Working longer could be a smart move that potentially saves you a lot of money during your senior years. But delaying retirement also poses major risks that you'll need to consider.
Delaying retirement could help your savings last longer
Retiring right now could be a risky proposition because the number of COVID-19 infections has been skyrocketing across the country. Businesses could close their doors once more -- which could affect the stock market.
A second stock market crash could devastate your retirement savings, making it harder to enjoy your senior years comfortably. In addition, withdrawing your savings during a market downturn can be dangerous because you're selling your investments when stock prices are at rock bottom. That means you're essentially locking in your losses, and your savings may not last as long as you'd hoped.

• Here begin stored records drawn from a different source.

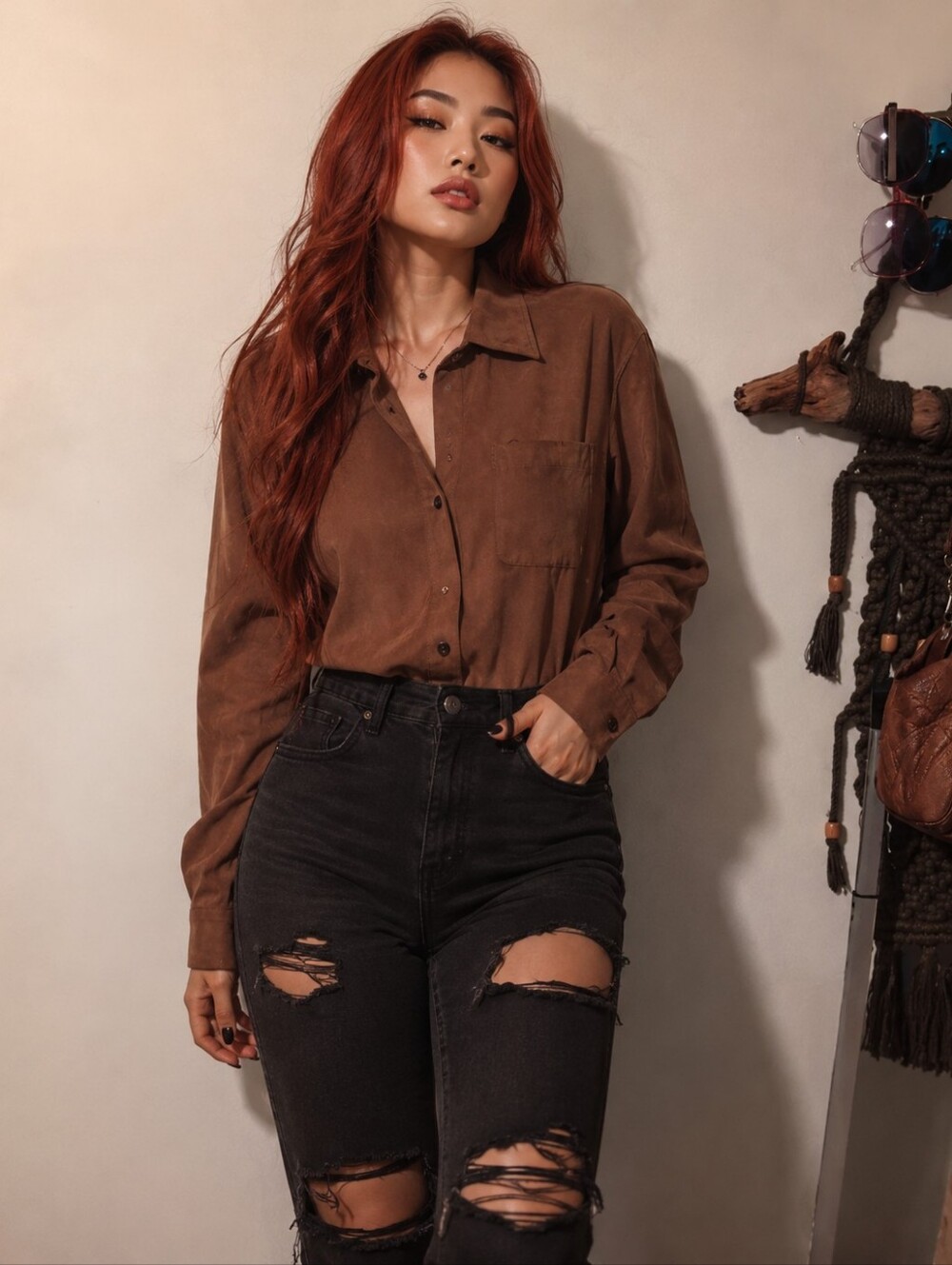 Fake Suede Brown Button-Up Shirt With Satin Lining Size Large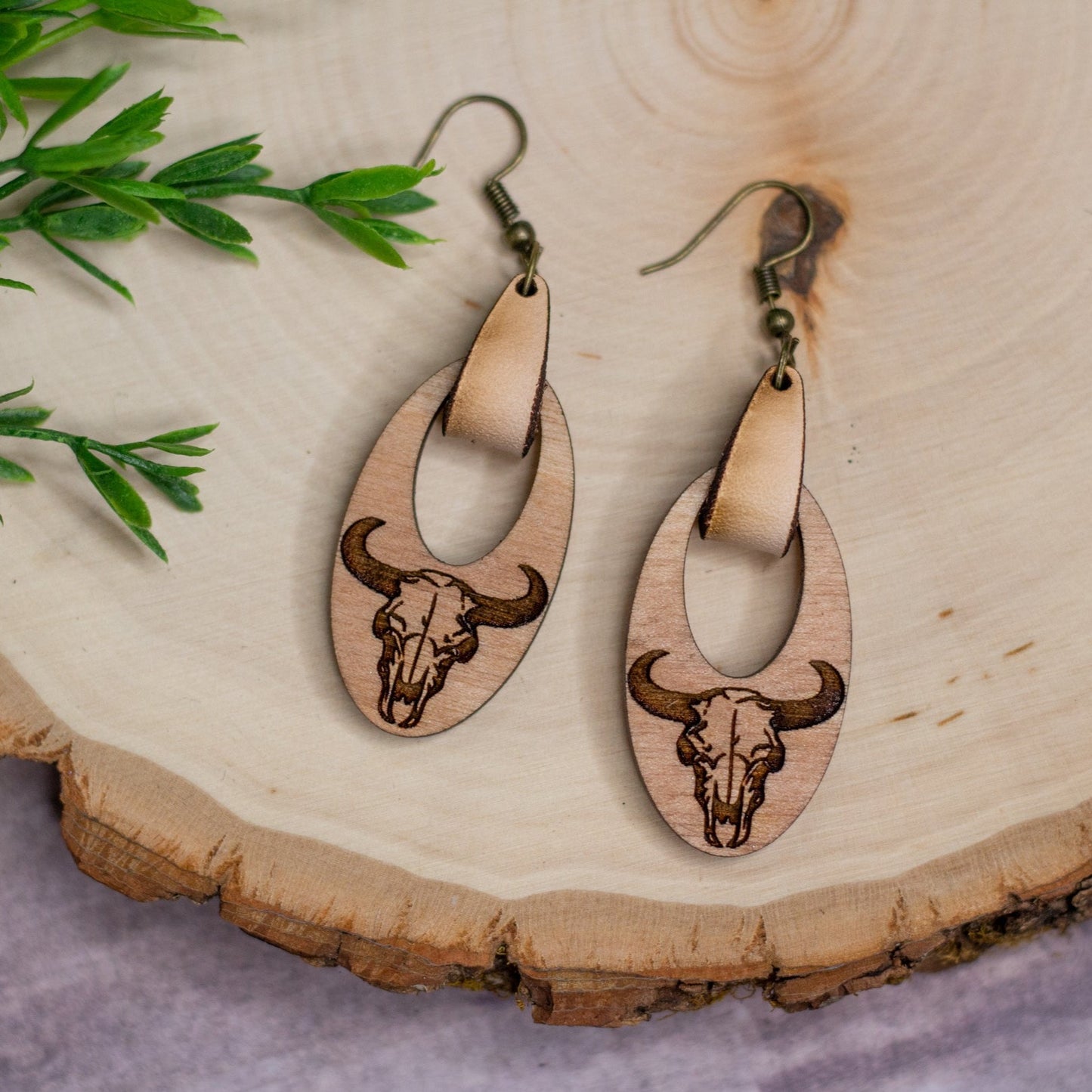 Cow Skull Wooden Earrings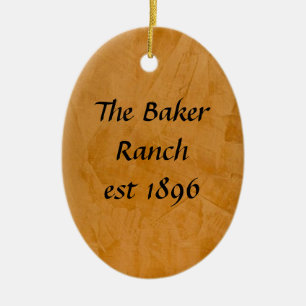 Tanned Leather Ceramic Ornament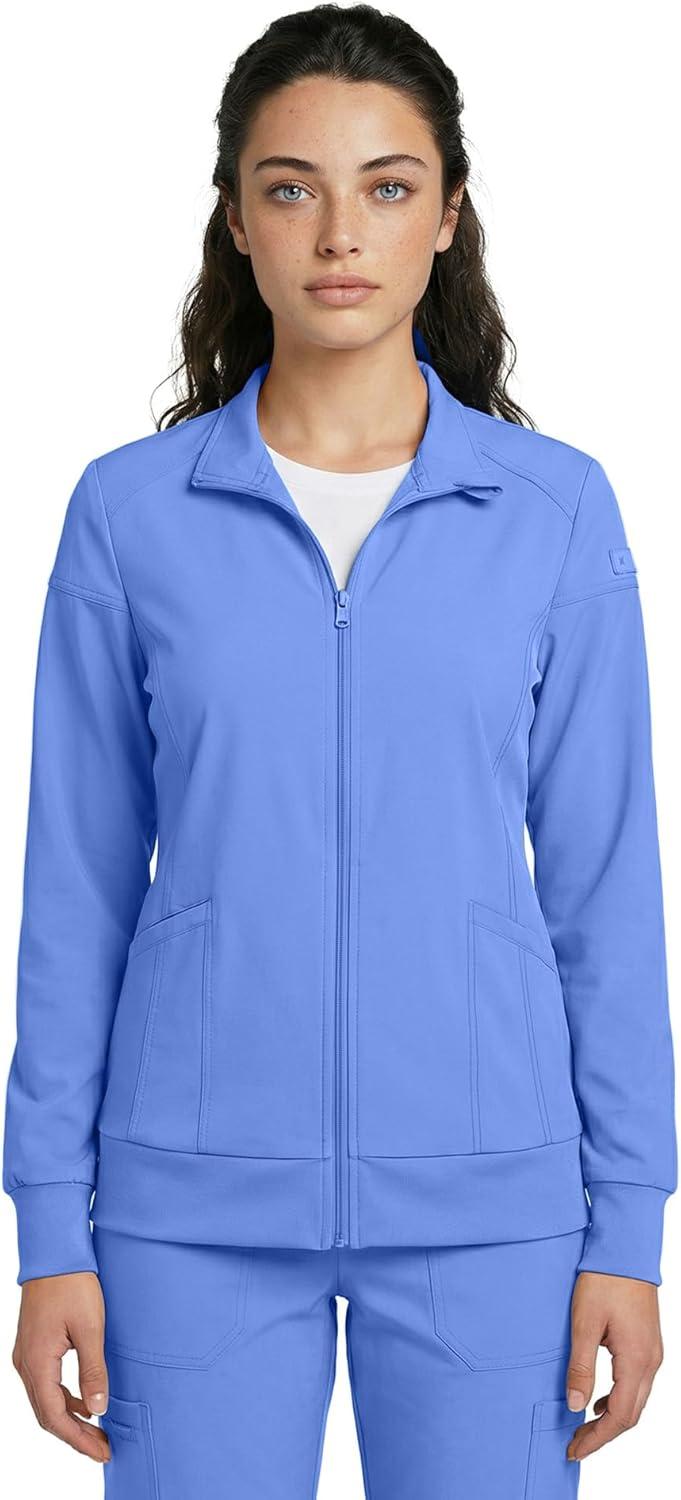 imageNatural Uniforms Womens ZipFront WarmUp Jacket 4Way Stretch MoistureWicking Contemporary FitMedical Scrubs JacketCeil Blue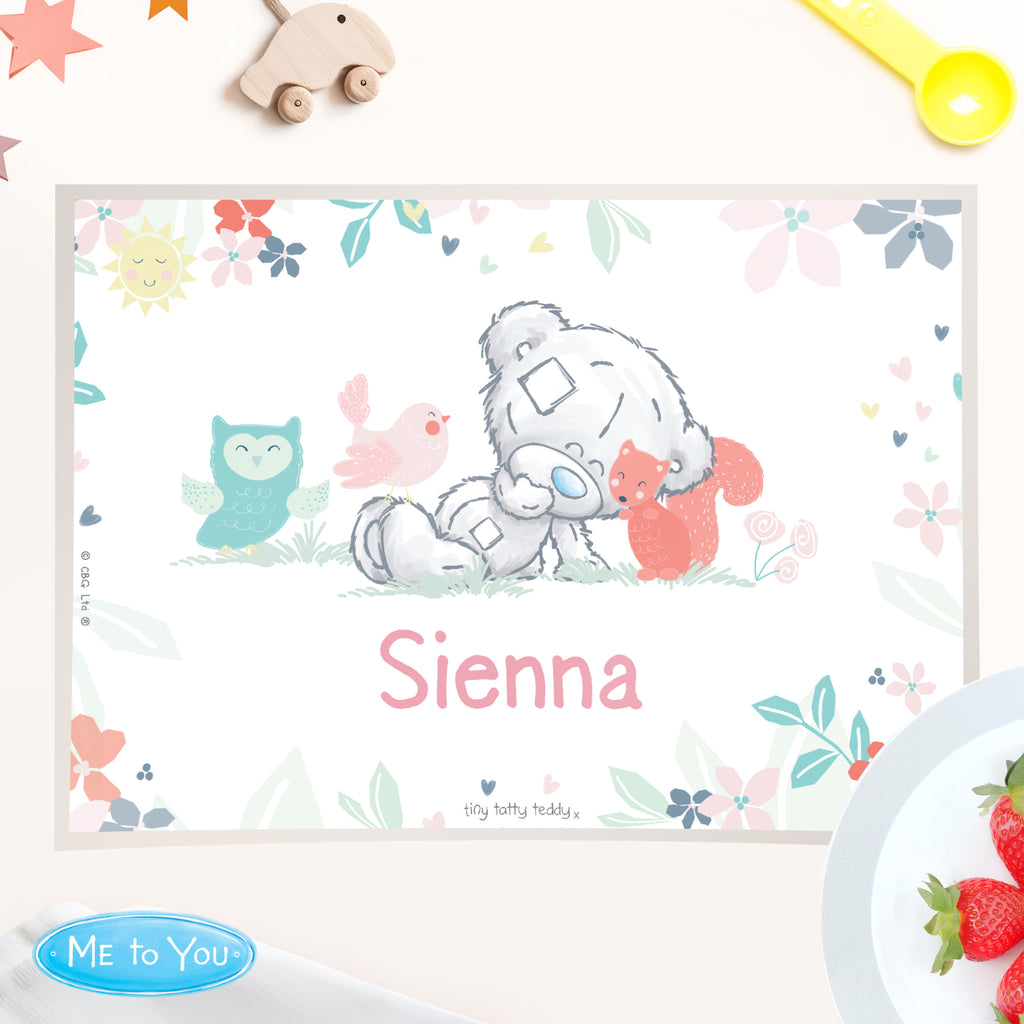 Personalised Tiny Tatty Teddy Woodland Animal Placemat - Buy Mealtime Essentials at GiftMasters.co.uk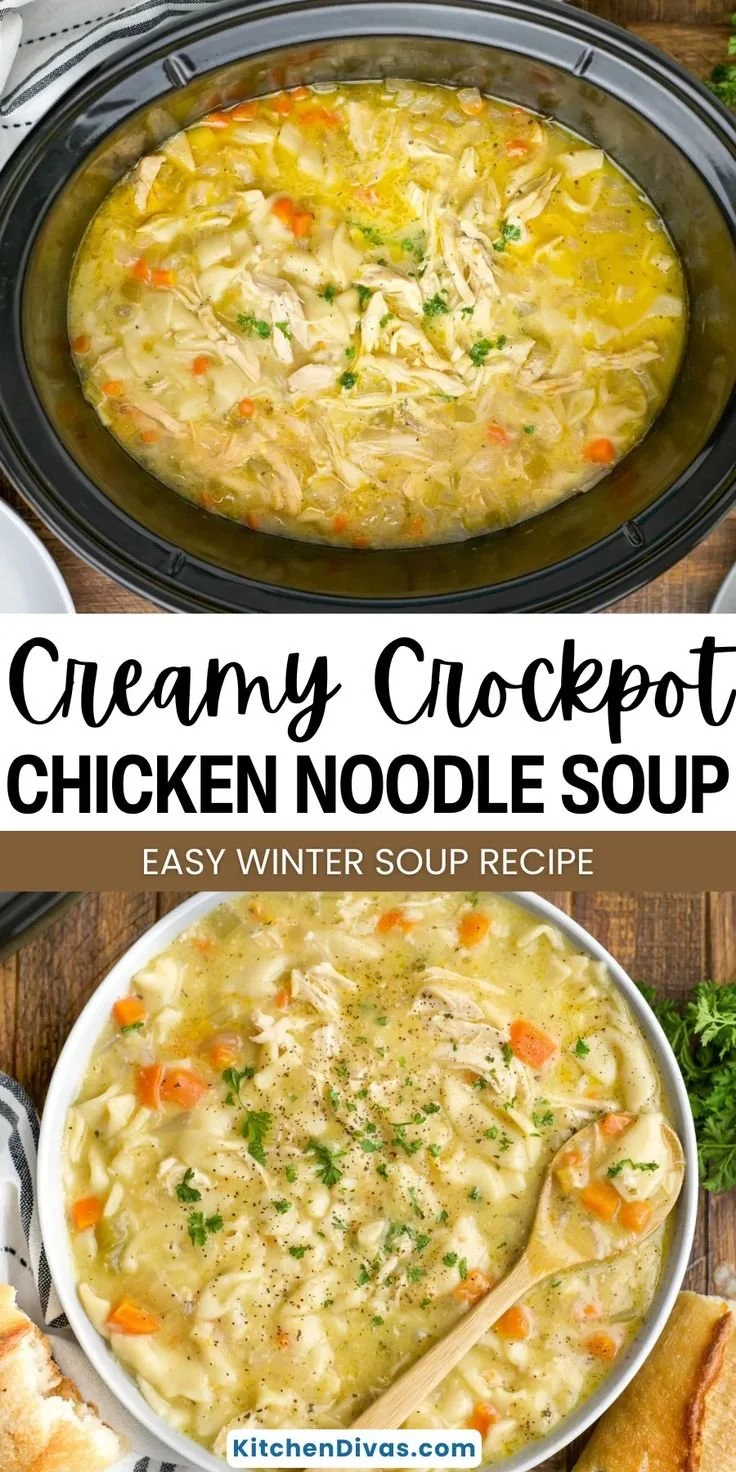 Creamy chicken noodle soup in a crockpot garnished with herbs.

By delaying retirement even a year or two, you'll not only have more time to save, but you can also avoid withdrawing your investments while the stock market is down. That could result in a larger nest egg by the time you're ready to retire.
The serious risks of working longer
Working longer than expected isn't necessarily bad, but assuming you'll be able to delay retirement can be risky.
Nearly 40% of current retirees say they retired earlier than they expected, according to a survey from the Aegon Center for Longevity and Retirement. Two of the top reasons for early retirement included job loss and health issues.
While older adults are always vulnerable to job loss and health problems, the risk is even greater right now. If businesses close as a result of the second wave of COVID-19, another round of mass layoffs could be looming. As the number of coronavirus infections rises, it's more likely you could get sick by continuing to work -- especially considering only 47% of workers age 65 and older have a job that can be performed remotely, according to a report from the Center for Retirement Research at Boston College.
Banking on being able to work as long as you like but then being forced into early retirement could negatively affect your savings. You won't have as much time to save for retirement, and may need to make some serious financial sacrifices to make ends meet.
How to prepare for retirement in the age of COVID-19
Saving for the future is tough right now. You might have to work longer if your savings have taken a hit, and you'll simultaneously need to prepare for the possibility of retiring early whether you want to or not.
It's impossible to know exactly what the future holds, but do your best to save as much as you can right now. You may need to make some budget cuts to put more in your retirement fund, but that's better than holding off on saving and then being forced to live on less if you have to retire early.
Consider picking up a side gig or a source of passive income. It's not always easy to find these jobs, but adding another source of income can help significantly if you're laid off or unable to work due to health problems.
COVID-19 may have thrown off your retirement plans, but that doesn't mean you can't still retire comfortably. Working longer can be a great way to save more and build a healthier nest egg, but make sure you've thought about the drawbacks. By understanding the risks and rewards of delaying retirement, you can make the best decision for your situation.